Legally Blonde, with its ditzy charm, more than implausible (but still fun) plot and likeable characters, launched Reese Witherspoon's career into the stratosphere--let's hope Blonde 2 doesn't bring it plummeting back down to earth. When last we left sunny Elle Woods, she'd surprised everyone--including herself--by graduating from Harvard Law School while maintaining her principles and earning fellow students' respect. In the sequel, Elle is on the brink of making it big in her job at a law firm until she decides animal rights are her new cause--you see, her beloved Chihuahua Bruiser's mom has been found as a subject in a cosmetics testing lab, and Elle needs to get her out in time for her impending wedding to Emmett (Luke Wilson). After the firm fires her, Elle decides it's time to change animal testing laws, so she hits Washington to join the staff of Representative Rudd (Sally Field) as a lobbyist. As sweet as she is callow, our girl Elle soon learns politics makes strange bedfellows, and when all doesn't go as planned, she calls on all her allies--Sid the doorman (Bob Newhart), Paulette the stylist (Jennifer Coolidge), her Delta Nu sorority sisters and, unexpectedly, a few Washington higher-ups to help pass ''Bruiser's Bill'' and free animals everywhere.
Witherspoon is saddled with the unenviable task of having to carry this mess of a movie, which falls way below the standard set by the first (which, while no Oscar contender, was amusingly original and delightfully heartfelt). We are well aware of the formula here: Elle's going to get what she wants, whether by default or design, and win over even her enemies in the process. What happened to Elle on the way to Washington? She's a style-obsessed dingbat, true--but she did graduate from law school with determination, hard work and some luck. Here she is so incredibly, unbelievably stupid and naïve you'd think she was sending up her own character--this film has her almost completely relying on her rich friends, well-placed connections and incidental accidents to get what she wants, instead of using what was intriguing about this character in the first place--a self-awareness that yes, she's a ditz, but she knows how to use her type of smarts to accomplish goals. Sadly, Witherspoon's once-charming character is so dumbed-down even the savviest actress couldn't overcome its problems. As for the supporting cast, Wilson is lackluster as Emmett, Coolidge's stylist has some of the--if not the only--funniest lines in the film, and Regina King gives a solid performance as staffer Grace, Elle's enemy, as does Field as convincingly sly Rep. Rudd.

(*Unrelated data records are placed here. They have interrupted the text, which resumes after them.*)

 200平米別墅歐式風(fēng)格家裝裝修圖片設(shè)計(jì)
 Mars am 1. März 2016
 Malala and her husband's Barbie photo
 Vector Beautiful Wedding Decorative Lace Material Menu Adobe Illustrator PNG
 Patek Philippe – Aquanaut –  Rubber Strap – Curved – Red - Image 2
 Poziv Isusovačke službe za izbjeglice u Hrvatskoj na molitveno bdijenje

Somebody at MGM should have snatched the rose-colored-lensed camera out of director Charles Herman-Wurmfeld's (Kissing Jessica Stein) hands at the first sight of the dailies. We've got: a nearly brain-dead heroine, hackneyed supporting characters, a contrived plot and gay dogs. That's right, gay dogs. Nothing says ''I believe in animal rights'' like dressing your male dog in pink tutus and carrying him around in a pet purse--that's dignity for you. Herman-Wurmfeld's confectioner-sweet, pink cloud concoction is so sticky syrupy and air-popped, you may find yourself floating in your theater seat, it's so much fluffy entertainment. What's kind of odd is that all this fluff is juxtaposed with the downright dull storyline of getting a bill passed through Congress--funny movie fodder that's not. On the flip side, you won't find yourself feeling bored as much as guilty for laughing at its few admittedly laugh-out-loud scenes.
Reese Witherspoon's sincerest, most gallant efforts aside, Legally Blonde 2 is as light and sugary as cotton candy, but the taste it leaves behind is more saccharine than sweet.